Regarding Krugman's argument…Well, just because "New Growth Theory" hasn't found any definitive answers doesn't mean that there aren't any. After all, growth theory is working with terrible data. Countries are not selections from a random sample, and the time series of post-WW2 growth is not very long.

What about the development literature? I think it provides more of a reason to believe that policy could matter for the long-term. When we look at a poor as well as rich countries, we see a large and persistent variance in levels of income. Convergence is only conditional on institutions and other country-specific variables.

Now, I acknowledge that it seems unlikely that the U.S. will make policy mistakes significant enough to tumble us out of the ranks of the rich countries. But there's no rule that the principles of development economics don’t apply to us! In particular, much of the development literature emphasizes the importance of institutions for living standards; there seems to me no reason to assume that once a country reaches the highest levels of per-capita income, its institutions are forever guaranteed to be top-notch.

This is my big worry about the current crisis. When I think of what might hold down our long-term growth, I think about political-economic equilibria and the quality of our institutions. What if an economic shock is severe enough to knock a country out of a good (but fragile) political-economic equilibrium - where factions basically agree on the need for public good provision and sound macro policy - and into a bad one, where no one can agree on anything?

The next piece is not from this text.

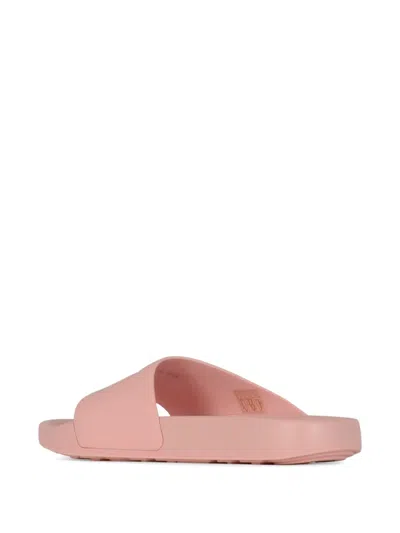 Givenchy Label Slide Sandal In Purple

Casual observation says that this may be what happened to Japan. A prolonged slump (compounded by macro policy mistakes) was followed by decades of political chaos that have seen prime ministers come and go like fashion trends. Gridlock has led to too-low taxes and massive debt, while trade and immigration policies remain stuck in the past. Now, personally, I think Japan's political institutions were never particularly good, but I also think that what virtue they had proved to be fragile to external events.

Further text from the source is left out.